The Civil Aeronautics Board is expected to decide today to let two new interstate airlines begin low-fare service in and out of Chicago's Midway Airport from six Midwestern cities.

A thorny issue must be resolved by the pro-competitive board, which appeared to be divided on the matter during a three-hour discussion of the issue on Friday.

That is whether the CAB can. or should give the new airlines a head-start of a year or two at Midway before letting the established airlines in as well to provide low-fare service.

The carriers scheduled to get the new interestate operating authority. rarely granted in the board's 40-year history, are Midway Airlines, a new company headed by Irving Tague, former president of Hughes Air West, and Midway (Southwest) Airway, a subsidiary of Southwest Airlines, a successful Texas intrastate airline. Their competitors are Delta. Northwest and North Central Airlines.

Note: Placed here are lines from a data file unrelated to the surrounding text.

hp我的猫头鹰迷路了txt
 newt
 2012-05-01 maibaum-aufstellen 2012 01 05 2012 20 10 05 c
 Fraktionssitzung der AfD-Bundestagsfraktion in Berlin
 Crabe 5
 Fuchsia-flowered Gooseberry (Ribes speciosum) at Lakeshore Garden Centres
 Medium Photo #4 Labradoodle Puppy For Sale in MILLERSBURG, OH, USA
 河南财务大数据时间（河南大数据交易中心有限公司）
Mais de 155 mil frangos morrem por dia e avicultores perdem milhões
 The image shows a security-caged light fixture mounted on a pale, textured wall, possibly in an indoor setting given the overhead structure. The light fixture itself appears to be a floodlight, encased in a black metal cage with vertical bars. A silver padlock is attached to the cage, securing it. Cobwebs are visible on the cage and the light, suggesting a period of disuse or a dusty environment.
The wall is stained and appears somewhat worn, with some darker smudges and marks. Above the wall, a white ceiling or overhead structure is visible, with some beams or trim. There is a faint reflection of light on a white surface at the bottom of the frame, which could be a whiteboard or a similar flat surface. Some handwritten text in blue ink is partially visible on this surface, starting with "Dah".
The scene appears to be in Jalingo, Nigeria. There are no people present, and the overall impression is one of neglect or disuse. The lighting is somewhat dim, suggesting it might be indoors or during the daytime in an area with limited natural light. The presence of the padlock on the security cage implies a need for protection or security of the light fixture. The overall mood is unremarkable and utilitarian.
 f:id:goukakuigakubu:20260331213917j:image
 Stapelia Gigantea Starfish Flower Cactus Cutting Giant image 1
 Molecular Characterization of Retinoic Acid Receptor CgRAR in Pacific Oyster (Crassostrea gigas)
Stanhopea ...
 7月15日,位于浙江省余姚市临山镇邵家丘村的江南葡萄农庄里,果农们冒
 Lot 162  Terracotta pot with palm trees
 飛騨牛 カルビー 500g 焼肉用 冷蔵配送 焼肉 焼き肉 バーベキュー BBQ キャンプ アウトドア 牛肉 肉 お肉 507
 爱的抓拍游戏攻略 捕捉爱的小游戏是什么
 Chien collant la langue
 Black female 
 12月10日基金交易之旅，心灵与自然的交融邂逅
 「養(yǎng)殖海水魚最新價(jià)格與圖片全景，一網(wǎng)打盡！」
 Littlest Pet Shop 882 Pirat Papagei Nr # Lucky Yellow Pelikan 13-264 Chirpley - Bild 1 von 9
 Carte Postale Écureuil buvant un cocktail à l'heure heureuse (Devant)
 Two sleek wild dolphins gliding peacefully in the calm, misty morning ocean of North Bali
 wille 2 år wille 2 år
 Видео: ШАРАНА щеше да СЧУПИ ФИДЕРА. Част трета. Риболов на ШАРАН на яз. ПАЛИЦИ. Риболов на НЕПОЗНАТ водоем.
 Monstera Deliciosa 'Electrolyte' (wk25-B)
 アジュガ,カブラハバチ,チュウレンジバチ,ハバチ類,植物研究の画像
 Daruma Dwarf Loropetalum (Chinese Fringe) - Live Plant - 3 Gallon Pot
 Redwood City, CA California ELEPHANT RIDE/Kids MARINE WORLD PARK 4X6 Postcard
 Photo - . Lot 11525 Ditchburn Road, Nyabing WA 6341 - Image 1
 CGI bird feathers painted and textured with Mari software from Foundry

The new carriers have told the board they will provide nonstop air service at fares 32 to 47 percent below existing coach fares between Midway Airport and Cleveland, Detroit, Kansas City, Minneapolis/St. Paul, Pittsburgh and St. Louis.

The CAB, the Department of Transportation, and the city of Chicago had been trying for years without success to revitalize Midway and relieve congestion at O'Hare Airport. WIth the exception of Delta Airlines, which maintains a minimum level of air service between Midway and St. Louis, all other airlines had abandoned the once-busy Midway and moved to O'Hare.

Both the Transportation and Justice Departments urged the CAB in oral arguments last week to enable the two new carriers to get off the ground before letting in all the others.

While Justice urged that a grace period be granted to both new carriers. Linda Heller Kamm, DOT-S general counsel, argued that Midway Airlines, the first carrier to come foward with an innovative application, ought to get up to a year's headstart before Midway (Southwest) is allowed in.